The Van Winkle brand (as well as the W.L. Weller brand) is currently owned by Buffalo Trace. The news came out a couple weeks ago that the Stitzel-Weller distillery is actually being reopened......by Diageo. (Insert cheer or grumble here.)
Back in the day, Julian "Pappy" Van Winkle personally preferred the palate on wheated bourbons -- "a whisper of wheat" they used to say -- so that was the product they focused on at the distillery.

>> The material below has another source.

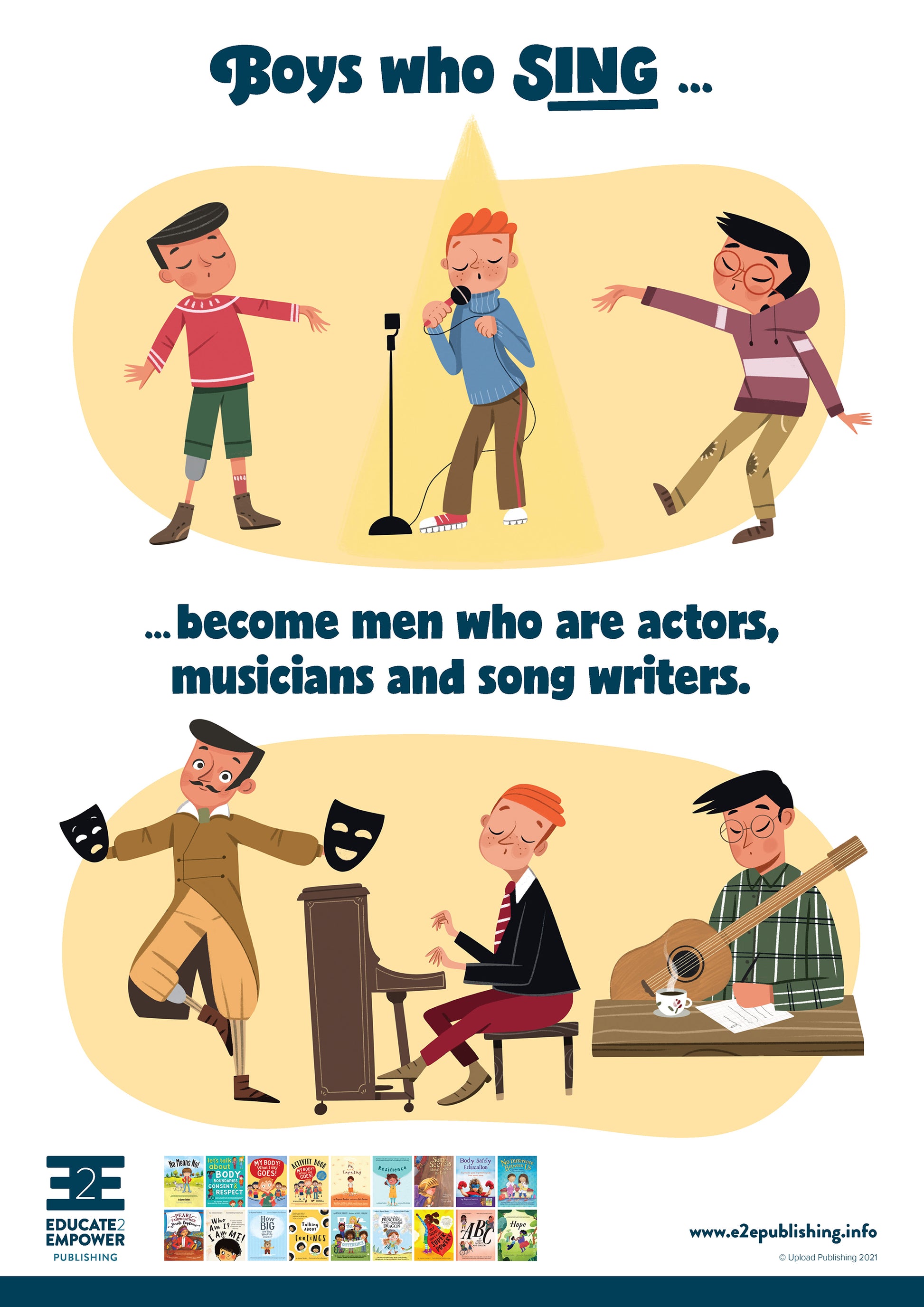 A poster for children titled 'Boys who sing... become men who are actors, musicians and song writers. This is accompanied by a cartoon image of three young boys acting, singing and dancing. Below this the same three boys, as adults, are pursuing careers in acting and music.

And wheated bourbons are what we tasted at the Monday night event, held at The Daily Pint.
Looking over my notes and thinking back to Monday night, there are two consistent elements to each of the five comparative tastings: the S-W whiskies had brighter, bolder, more vibrant noses while the finishes on the current releases were muted. Here are my notes:
Cabin Still 1989 -- Bright candied nose. Sweeter than the 2011, but not sacchrine.
Cabin Still 2011 -- Sandier, dustier nose. Mild palate, a little bit of clay in there.

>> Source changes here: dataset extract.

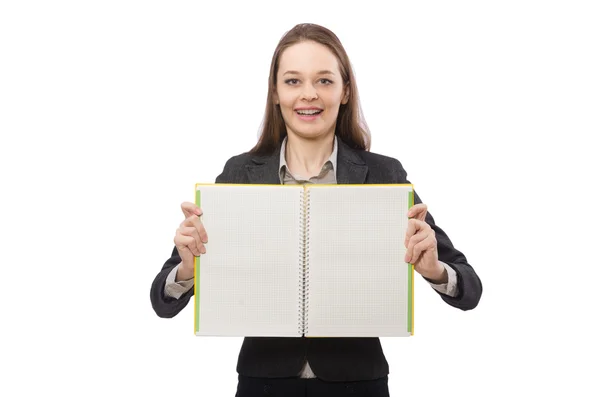 Senhora de trabalho com papel isolado em branco — Fotografia de Stock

Old Fitzgerald 1991 -- Maple syrup on buttermilk pancakes. Thick solid palate.
Old Fitzgerald 2012 -- Quite muted. Hay, grasses, grainy notes.
Very Special Old Fitz 12yr 1994 -- Chocolate, maple syrup, and light floral notes.
Very Special Old Fitz 12yr current -- Milder (again), grassy. A touch sour. Not as very special.
Pappy 20yr 2010 -- Fills one's skull with the vibrant oaky wheat whisky flavors. Some brandied cherries in there. I prefer this one's palate.
Pappy 20yr 2012 -- Nose is heavier, darker (does that make any sense?). Spices, molasses, bananas. I prefer this one's nose.
WL Weller 10yr Centennial -- Pretty good, preferred
Jefferson's Prez 18yr -- Decent, but not that memorable
Sorry for those last two. Socializing had begun in earnest by that point. I was talking to a nice chap about spirits of all kinds. That was actually one of the best parts of the event was the laid-back chatty atmosphere.
Chris didn't tell the crowd what we should be tasting nor which whiskey we should like better. Instead, we all were given the space to sort out what we liked best. That's exactly how I think events should be run. Whisk(e)y is a mercurial personal thing. In my case, I liked the newer Pappy's nose better than the S-W Pappy nose, while I liked the elder one's palate better. But I liked Old Fitzgerald 1991 the best, even more than the Pappies. Its nose was insanely delicious, and it didn't taste half bad either! The Very Special Old Fitzgerald '94 was great too. I found the contemporary Heaven Hill bourbons to be very mild and largely forgettable, aside from their mildness.
I personally wouldn't drop $100+ on any of these, though I can understand why Pappy would carry a big price in the primary market. I'll keep my commentary on the secondary market to a minimum for now. Ultimately, I agree with Southern California Whiskey Club folks; these amber treasures were made to be appreciated by more senses than just sight. They were created to be tasted. They were created to be shared. I mean, it's whiskey, damn it.
Many thanks to Chris and Michael for this great opportunity. I'm looking forward to the next event!